Zarówno jedna jak i druga strona, przez niemalże 70 minut gry, stworzyła sobie znikomą ilość sytuacji podbramkowych. Mecz tak naprawdę rozpoczął się dopiero w ostatnich 20 minutach spotkania. Zgromadzeni na stadionie przy ulicy Dąbrowskiego w Wałbrzychu kibice, przeżywali ogromną dawkę emocji. Drużyna gospodarzy raz po raz atakowała bramkę zespołu z Walimia.
Bardzo dobrze w tym fragmencie meczu zaprezentował się prawoskrzydłowy wałbrzyskiej drużyny, Jakub Nowicki, który kilkukrotnie indywidualnymi akcjami stworzył bardzo duże zagrożenie pod bramką rywala. Niestety, pomimo wielu szans Czarni nie potrafili zakończyć akcji celnym strzałem na bramkę przeciwnika. Nieskuteczność sprawiła, że doczekaliśmy się w tym spotkaniu rzutów karnych.

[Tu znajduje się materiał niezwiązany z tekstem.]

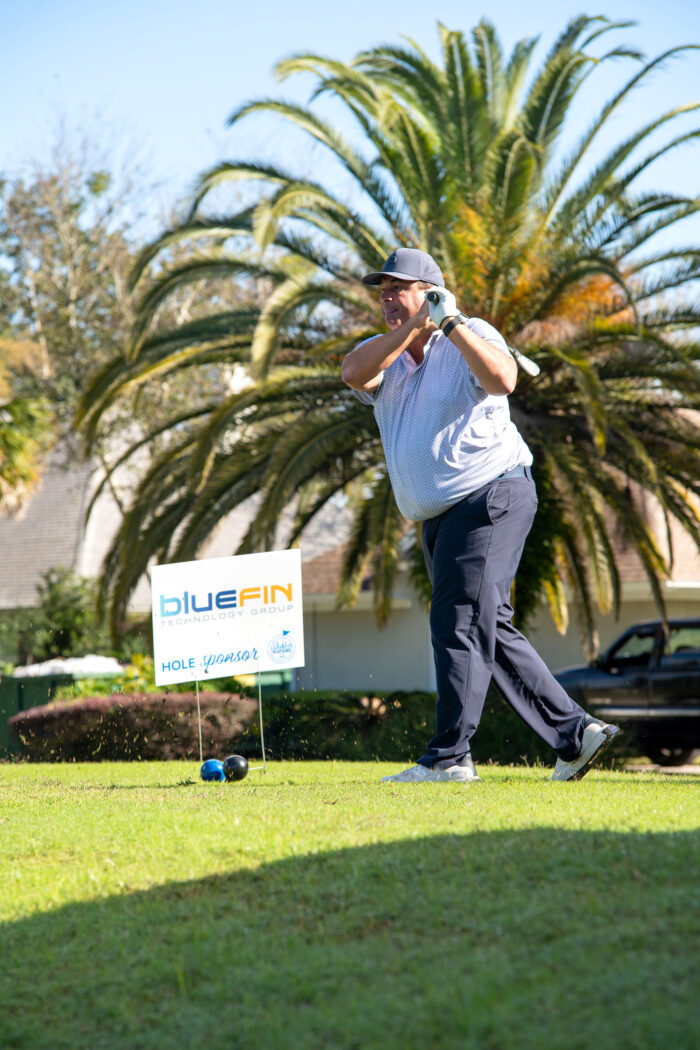 A male golfer teeing off under a sunny sky with a Bluefin Technology Group sponsor sign in the background.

Jedenastki lepiej wykonywali goście, którzy już po pierwszych dwóch seriach prowadzili 2:0. Gospodarze próbowali odrabiać straty, jednak dobrze tego dnia czuł się bramkarz KS Walim. Ostatecznie po bezbramkowych 90 minutach i rzutach karnych drużyna z Walimia wygrała 4:3.